El olor siempre nos acompaña, nos sorprende, nos atrae, o nos repele. El olor está ahí, aunque no lo percibamos. Todo desprende olor. Nuestro analfabetismo odorífero nos lleva a considerar esa realidad de forma excesivamente genérica, sin saber distinguir con claridad unos olores de otros, sin saber darles nombre.
La mayoría de los animales está controlado por los olores. Perros y ratones dependen de los olores para localizar su comida, para reconocer caminos, para identificar parientes, para el ejercicio de la sexualidad. Nosotros, los humanos, no relacionamos con el mundo a través de la vista y el oido. Prestamos muy poca atención al sentido del olor; no prestamos atención a lo que nos dice nuestro olfato. De todas formas, una madre reconoce a su bebé a través del olor y también así los recién nacido reconocen a su madre. El perfume y el abor de las cosas permanecen en equilibrio durante mucho tiempo en nosotros en el efidicio de la memoria.
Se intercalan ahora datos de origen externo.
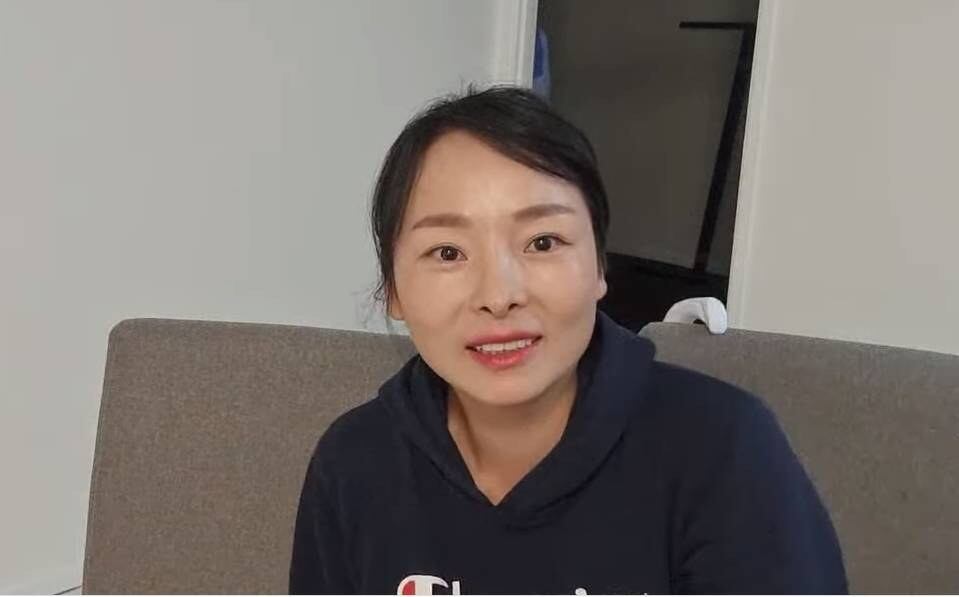 유튜브 개인방송 ‘아오지언니TV’를 운영하고 있는 탈북자 최금영 씨.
Cuando la nariz queda bloqueada el gusto se pierde, uno se vuelve ciego ante el mundo de los olores. Los olores tampoco pueden ser medidos usando la clase de escala lineal que los científicos solían usar para medir la longitud de onda de la luz o la frecuencia de sonidos.
El cuerpo humano desprende diversos olores en unos momentos u otros del día, en unas etapas u otras de la vida: uno es el olor del niño que acaba de nacer, otro es el del enfermo que está para morir.
El olor es otra forma de acceder a la realidad. Perseguimos ciertos olores. Hay olores que, sin embargo, nos persiguen. Una casa, un pueblo, una ciudad, es un aconteciento de olor.
El olor se llama fragancia, aroma, perfume, esencia, cuando nos produce agrado, placer, seducción. Hay todo un sistema de producción de aromas y perfumes artificiales, sirviéndose de aquellos que nos ofrece la naturaleza. El olor ha entrado a formar parte de las relaciones humanas, esas que llamaríamos casi subliminales, es decir, aquellas en las cuales nos seducimos unos a otros.
El sentido del olfato nos hace conocer la realidad desde otra dimensión, vivirla desde otra dimensión, que hemos mantenido subdesarrollada. Las apariciones del mundo sobrenatural han ido asociadas frecuentemente al olor que el fenómeno desprendía. Se dice que hay personas que cuando mueren destilan “olor de santidad”. También se pone de relieve frecuentemenete en los escritos de espiritualidad el hedor que produce el mundo diabólico y perverso. De los cristianos dice Pablo que desprenden el buen olor de Cristo.
En el fondo, no sé porqué me sigue interesando este tema. Tal vez, porque desde él también se pueda explicar lo que es el carisma, la gracia, la santidad. Tal vez, porque es un don anticipador y previsor, profético. Tal vez, porque en el Apocalipsis la oración es asimilada a los aromas y perfumes que llegan hasta Dios. Tal vez, porque el pecado tenga mucho que ver con la seducción de aromas perversos, como el Apocalipsis nos presenta a la gran prostituta del capítulo 17. El mundo de los olores vehicula la gracia y la desgracia. Se trata de una realidad ambigua, objeto de conquista por el bien y por el mal.